Lancer and Orwel fired within the same fraction of a second. One of the newcomers fell down but the others merely split their firepower between the rebels and the clones. Clearly they'd been ordered to terminate the lot of them in the quickest way they could think of, and that seemed to be shooting. Well, at least the builders of the base hadn't designed any backup systems for mass-destruction, Lancer thought, but found no time to feel grateful for it. A gunshot missed his head so narrowly that he smelled burning hair.

"Take cover!" Orwel shouted and fired again. Lancer reflexively dropped on his knees beside a bed and tried not to hit the panicking S-clones as he joined in.

By now the entire dormitory was upside down. Some of the S-clones were in total shock, unable to do anything under the assault by guardians they had been taught to trust, while others were trying to escape somewhere, anywhere. Orwel dropped the second but last of the attackers, but the last one held on for far too long and managed to kill several more S-clones with murderously effective sweeping shots before Lancer caught him in the head and he slumped down by the door.

Orwel was on his feet before the man was fully on the floor, and ran back into the corridor. Lancer scrambled on his feet and followed, totally disoriented inside the building.

"There's another few dormitories over here," Orwel shouted over his shoulder. "I don't know how many of those bastards are on the loose, we must check... oh damn fuck..."

They reached the dormitory where the alarming noise had come from. Orwel burst in, then hesitated at the door for a split second, during which Lancer dashed in through the door and shot the man who'd turned to face the newcomers. The man fell down with a wet thump, and that was when Lancer realized that Orwel was pointing his gun at something by the other wall of the room.

Orwel acknowledged Lancer's intervention with a grunt, then turned his attention back to the blond officer who was standing firmly in place and pointing an unwavering gun at his former colleague's solar plexus. Lancer froze, looked warily at the officer and then at Orwel who stood equally still, gun steady. He dared not fire, because even a dying man could still hit the trigger, and even a stray shot might kill Orwel.

"What are you doing here, Dahomey?" the man asked tensely. "What the hell is going on?"

"We're taking over this base," Orwel said. "Get out of the way, Blaine, and I mean now."

"I'm not moving!" Blaine straightened his back and Lancer noticed that he was standing in front of a door. "You're not going to hurt them!"

Orwel's shoulders sagged a little. "Do you mean to say you're protecting them?"
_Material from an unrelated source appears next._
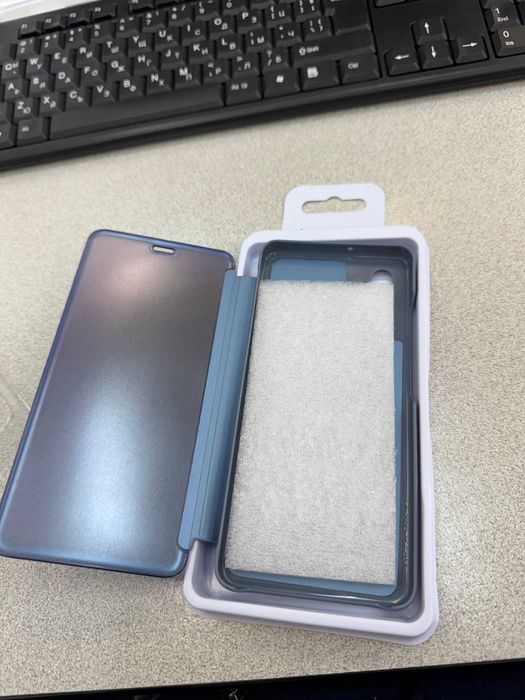 Калъф за Samsung A32 4G Blue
"Yes!" Blaine shouted. "I know the command was to terminate all clones 'cause the Base has been infiltrated and the security's down, but I'm bloody well not going to let my kids be killed just like that!"

"We don't want to harm them," Lancer said and the man turned distrustful eyes to him. "We mean it."
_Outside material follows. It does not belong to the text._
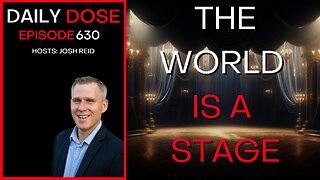 The World is a Stage w/ Kandiss Taylor & Friends | Ep. 630- Daily Dose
"Blaine." Orwel took a deep breath. "He's telling the truth. The last thing we want is to hurt the clones in any way. I'm not denying that I'm with the rebels, or that we're attacking the base. But it's the Union we're fighting against, not the clones. I wish I'd more time to explain, but right now there's one fucking carnage downstairs, and very many very upset clones. We need to check all dormitories and get rid of anybody who might still be running around there shooting SC's. We need your help!"

"You're concerned for the clones and so are we," Lancer joined in. The man glared at him, hesitant and suspicious, and something snapped inside his head. "Look, just forget for a while that we're rebels and help us to keep as many of them safe as we can! For fuck's sake, discuss philosophies later as much as you wish, but there are probably still people getting killed out there!"
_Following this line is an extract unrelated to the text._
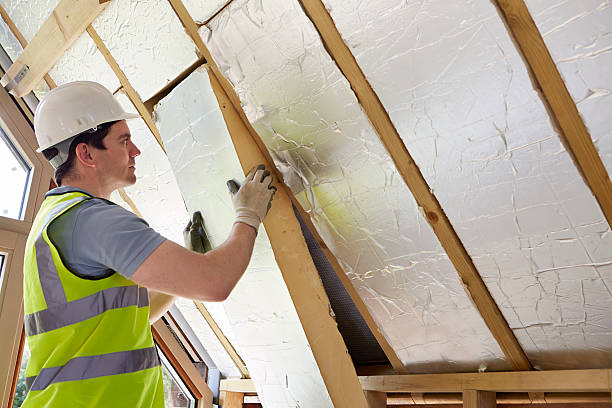 Best Attic Insulation Installation  in Sand Springs, OK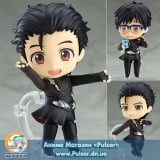 Оригинальная аниме фигурка Nendoroid - Yuri on Ice: Yuri Katsuki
He dashed out of the door.

"People?" Blaine echoed. "A rebel calling clones 'people'?"

"Oh, he's rather intimately acquainted with one," Orwel said dryly. "And he's right. Keep them safe, Blaine."

"Acquainted with an SC?" Captain Blaine lowered his gun as Orwel turned to go. "But how - "

"His lover, Blaine!"

The blond man stared after the renegade Union officer and tried to decide whether or not the grin had meant that Dahomey had been joking.